> [What is expected] Look through the records below for the line holding "Lady's White 14". Write it out exactly, with each following line through the line holding "Dipinto ad olio".

Short descriptive text snippets:
##############################

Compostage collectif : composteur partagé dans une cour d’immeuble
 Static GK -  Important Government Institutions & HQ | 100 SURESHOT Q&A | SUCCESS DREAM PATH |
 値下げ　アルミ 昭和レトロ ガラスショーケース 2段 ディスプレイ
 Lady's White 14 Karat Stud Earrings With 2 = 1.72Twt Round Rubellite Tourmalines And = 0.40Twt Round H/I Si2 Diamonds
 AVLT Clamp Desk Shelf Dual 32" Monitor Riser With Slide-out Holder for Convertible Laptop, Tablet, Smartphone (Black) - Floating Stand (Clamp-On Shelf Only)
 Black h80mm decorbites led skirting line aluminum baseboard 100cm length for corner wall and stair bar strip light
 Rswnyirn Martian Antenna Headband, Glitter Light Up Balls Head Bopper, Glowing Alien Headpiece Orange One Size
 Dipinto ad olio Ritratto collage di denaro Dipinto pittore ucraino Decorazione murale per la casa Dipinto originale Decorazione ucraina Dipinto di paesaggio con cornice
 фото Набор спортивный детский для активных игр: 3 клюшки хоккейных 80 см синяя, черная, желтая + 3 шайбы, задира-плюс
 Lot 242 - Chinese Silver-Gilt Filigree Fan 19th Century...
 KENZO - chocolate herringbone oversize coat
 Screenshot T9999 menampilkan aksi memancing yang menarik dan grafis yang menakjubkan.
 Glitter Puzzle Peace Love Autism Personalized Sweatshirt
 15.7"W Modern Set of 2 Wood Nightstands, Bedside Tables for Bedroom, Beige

##############################

> [Task output]
 Lady's White 14 Karat Stud Earrings With 2 = 1.72Twt Round Rubellite Tourmalines And = 0.40Twt Round H/I Si2 Diamonds
 AVLT Clamp Desk Shelf Dual 32" Monitor Riser With Slide-out Holder for Convertible Laptop, Tablet, Smartphone (Black) - Floating Stand (Clamp-On Shelf Only)
 Black h80mm decorbites led skirting line aluminum baseboard 100cm length for corner wall and stair bar strip light
 Rswnyirn Martian Antenna Headband, Glitter Light Up Balls Head Bopper, Glowing Alien Headpiece Orange One Size
 Dipinto ad olio Ritratto collage di denaro Dipinto pittore ucraino Decorazione murale per la casa Dipinto originale Decorazione ucraina Dipinto di paesaggio con cornice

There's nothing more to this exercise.